Operational Machine Learning for the Modern Data Stack
It is hard to quantify the magnitude of impact that machine learning has had on the world over the past decade. Domains like translation, image processing, search, natural language understanding, robotics, and signal processing have been completely transformed as a result of modern ML techniques. Yet, in many respects, the adoption of machine learning is still extremely early. Despite immense investment in machine learning tooling and research over the past decade, the number of companies that are building and deploying operational machine learning systems today is extremely small.
This duality is due to the significant complexity that still exists in building and productionizing machine learning systems. Data preparation, data pipelines, feature engineering, infrastructure management, and the general software engineering workflow for stitching this all together (versioning, model management, A/B testing, monitoring, retraining) come together to form an almost insurmountable barrier for most teams. This has, for the most part, resulted in a market of “haves” and “have nots”. While tech giants like Doordash, Netflix, and Uber can hire the rare machine learning engineers capable of doing all of this to build systems like the one shown below, most companies are left incapable of moving beyond offline models in Jupyter notebooks.

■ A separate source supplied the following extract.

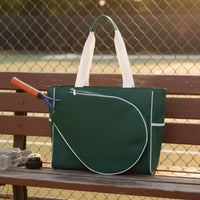Racket Tote Bag Multi-Functional Badminton Racket Carrier Sports Tote with Racket Pocket Multifunctional Pickleball Shoulder Bag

Tristan Zajonc felt this quite viscerally as the CTO of Cloudera’s machine learning division. He would work with countless companies that saw immense potential value from machine learning but who also felt paralyzed by the perceived complexity of systems like this. Indeed, even the simple use cases where off-the-shelf models can easily get you very far — revenue forecasting, churn prediction, demand planning, and similar — became bogged down in complexity as customers attempted to move them toward production.
Yet, at the same time, Tristan saw a foundational shift happening in the data space. Cloud data warehouses were a new substrate which massively reduced infrastructure complexity, and a new breed of tools like dbt were leveraging them to completely transform the field of data engineering. What used to require a team of engineers experienced in distributed systems and Spark could now be done by someone who just knew SQL. The software engineering rigor of the previous generation of tooling had been preserved, but accessibility was massively increased. As a result, data analysts had suddenly become massively upleveled in terms of their impact; they could now build production-grade data pipelines, and the number of companies who could actually do large-scale data modeling work was massively increased.
Tristan realized that there was no reason why you couldn’t leverage the same trends and principles to similarly democratize access to operational machine learning systems. And so, he partnered up with his longtime friend Tyler Kohn, the former CTO of RichRelevance, and they decided to start Continual. At the simplest level, Continual is the AI layer for the modern data stack. It sits on top of your data warehouse and allows data analysts who know SQL to train, deploy, and productionize machine learning models which continuously retrain and re-run inference, all without you needing to manage a single piece of infrastructure. The product is ridiculously simple, yet it has enough functional richness around testing, version control, git-like workflows, model management, feature storage, and similar that it can power truly operational models — a balance that many of the previous generations of AutoML tools have failed to achieve.
If you’re used to dbt, Continual’s core workflow will immediately resonate with you. Many of Continual’s early customers, like Veronica Beard, Enverus, and Aurora Solar, are dbt users who are trying to further uplevel themselves, moving beyond descriptive analytics to predictive systems that power business decisions. Continual gives these analytics teams machine learning superpowers allowing them to infuse predictive analytics across sales, marketing, customer success, and operations.
But, the story doesn’t stop there. Continual has built a product that radically simplifies the end-to-end user experience for productionizing machine learning models by cleanly separating the declarative business layer from the operational MLOps layer. This has just as much utility to data science teams as analytics engineers. Few data scientists want to deal with Kubernetes or stitch together 5+ MLOps tools for each machine learning use case. Indeed, even very large companies with extremely talented ML engineering teams such as Apple and Uber have built similar declarative ML systems for their teams internally to empower all users to build models faster and more reliably. We believe that Continual has the opportunity to become a unified substrate for MLOps in many organizations, both for the SQL analyst solving a simpler use case with an off-the-shelf model and for the data scientist who wants to bring their own model or empower their entire organization with new standardized ML capabilities..
As such, we couldn’t be more excited to announce our lead investment in Continual’s Series A round. Tristan and Tyler have rich backgrounds in data engineering & machine learning, and we couldn’t imagine a better duo to build this company. Joining us in the round are a number of notable players in the modern data stack, including Tristan Handy, the CEO of dbt labs; Allison Pickens, board member at dbt labs; Tomer Shiran, Founder of Dremio; Amplify Ventures; and DataCouncil. This investment represents a continuation of our focus on data warehouse-native companies, such as Panther, Revsure, and Eppo, and more broadly highlights our continued belief in the immense impact machine learning will have on the world.